Baidu CEO's Letter Goes Viral After Cancer Scandal
By Bridget O'Donnell
Baidu saw itself at the center of a huge controversy last week when reports emerged that a Shaanxi student died from cancer after a hospital he found on the company's search engine failed to give him proper treatment.
Following 21-year-old Wei Zexi's death, the internet tech giant made international headlines and earned heaps of scorn for putting profits ahead of its users. Wei accused Baidu of "misleading him to a fradulent cancer treatment" and taking money to promote shady medical treatments in its results.
“Baidu, at that time I didn’t know how sinister it could be,” Wei wrote online just before his death. “Bidding for ranking on medical information, or the matter with the hemophilia page, should make it clear what sort of thing it was.”
Following the scandal, Baidu founder and CEO Robin Li wrote an internal memo to all employees on Tuesday addressing the scandal. According to TechinAsia, the letter has already gone viral online due to its "inspiring" statements, attracting over 18,000 comments on Sina alone.
Below, a condensed version of the full letter (translation via TechinAsia):
Don’t forget the startup spirit and abandon our dreams
To all of my Baidu colleagues:
The January incident with Tieba and the April incident with Wei Zexi have caused widespread criticism and questioning of Baidu. The anger of these users is more serious a crisis than anything Baidu has faced before.
These past few days, every night I’ve been thinking: why do so many people who use Baidu every day no longer love us? Why are we no longer proud of our own products? What is the true source of the problem?...
[In the early days of] recruiting we used to make these posters with a head and a terse phrase underneath it. For example, we’d put the head of [famous Chinese author who began as a translator] Lu Xun, and under it write: “Do you want to translate, or do you want to create the search for the meaning of China?”...

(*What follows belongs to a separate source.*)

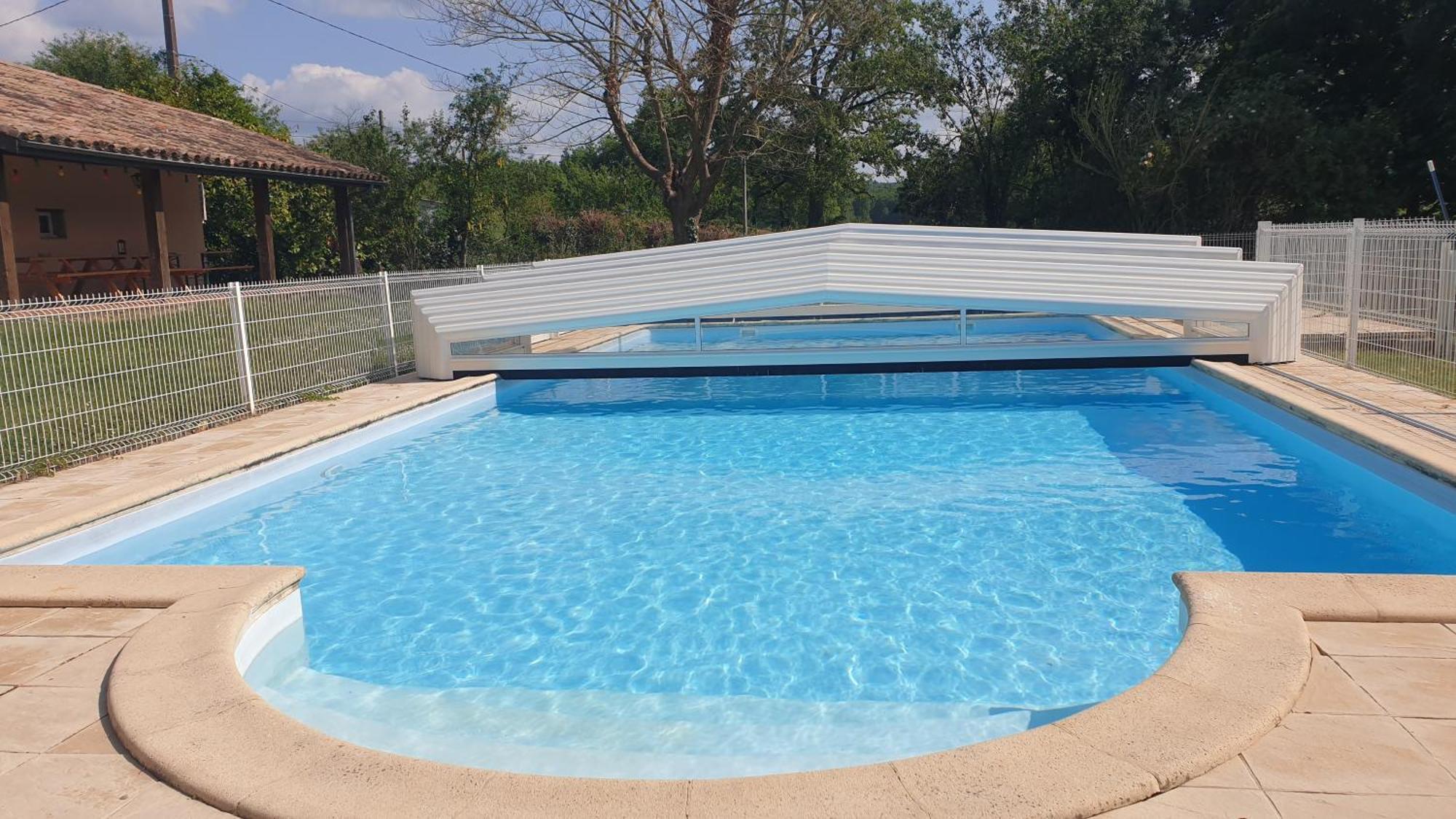 Love Room- Spa- Escale Amoureuse Puygaillard-de-Quercy Esterno foto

Even today, when I mention these slogans to other people, they get choked up. With that dream and that rallying cry, we went and listened attentively to users, understood their needs, and slowly won the Chinese market from a position of far inferior power [compared to Google]. Our value of putting users above everything else won us users...
But today? I more often hear different departments squabbling over KPIs, or see engineers making compromises to the user experience in order to balance them with commercial benefits. Because of this, users have begun to doubt the objectivity and impartiality of our commercialization and promotion practices, complain about our products’ installation tactics, and oppose the commercialization of products like Tieba and Baike.
Because of the short-term pursuit of KPIs that exists everywhere from management down to staff, our values have been squeezed and changed, with performance growth elevated above user experience. Basic reliability has been replaced with basic business [as a core value]. As we have drifted away from our early-stage startup values and mission, we have drifted away from our users. If we lose user support and we lose the strength of our values, Baidu really could be bankrupt in a month...
Every day countless people make decisions based on information they found in a Baidu search, and that reality demands a high code of conduct from our product. We need to stay on top of things, and be responsible for our users...
If Baidu wants to cover the long distance between “big company” and “great company,” we need to expand our strengths and hold fast to our culture of focus on simple reliability [for users]. We must hold fast to our value that the user comes above everything else to achieve our mission of helping people equally, conveniently, and quickly get the information they want, and to ensure that later generations will be proud of what we’ve done.